The goldsmith and jeweler also deployed visual images to promote his business.  He advised readers that he kept shop “At the sign of the Tea Pot, Tankard, and Earring,” but they likely noticed the woodcut that adorned his advertisement before anything else.  It featured several of the items available at his shop, including a handheld looking glass with an ornate handle and frame, a ring, a buckle, and an earring.  The image also included an elaborate coat of arms.  A shield decorated with two silver balls, a chevron, and a fish was in the center.  A hand grasping a sheaf of wheat appeared above the shield.  Ribbons cascaded over the side, giving way to leaves and flowers.  The ornate woodcut corresponded to an appeal that Bruff made in the second of those advertisements combined into a single lengthy advertisement: “He engraves all sorts of arms, crests, cyphers, heads, and fancies in the neatest manner.”  For good measure, he reminded prospective customers that he also engraved “all emblems of liberty” on jewelry and other items.

In addition to his “work in the jewellery way” and “silver-smiths work,” Bruff provided other services to entice customers into his shop.  He cleaned watches, installed new glass, and made other repairs at reasonable prices and even “works hair in springs, birds, figures, cyphers, crests and cupid fancies” and “plaits hair in the neatest manner.”  Bruff made his advertisements worth the investment by developing a variety of appeals to consumers and promising an array of goods and services to encourage them to visit his shop.

May 29

What was advertised in a revolutionary American newspaper 250 years ago today?

New-York Gazette and Weekly Mercury (May 29, 1775).

“Small swords silver mounted … and broad swords as gentlemen may fancy.”

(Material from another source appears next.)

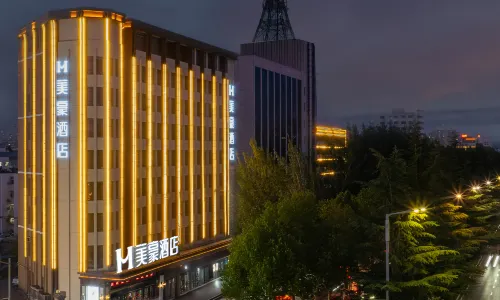 美豪飯店（晉城市政府國貿廣場店）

Charles Oliver Bruff, a goldsmith and jeweler who kept a shop at the “sign of the tea-pot, tankard, and ear-ring,” placed a familiar advertisement in the May 29, 1775, edition of the New-York Gazette and Weekly Mercury.  By then it had appeared several times, likely drawing the attention of readers because a woodcut depicting several items made by Bruff adorned the advertisement.  It showed a looking glass, a ring, a buckle, and an earring.  It also featured a coat of arms, a sample of the “arms, crests, cyphers, heads and fancies” that he engraved.  The goldsmith and jeweler also declared that he ornamented his wares with “emblems of liberty” for customers who wished to make political statements with their rings, brooches, and other accessories.

New-York Gazette and Weekly Mercury (May 29, 1775).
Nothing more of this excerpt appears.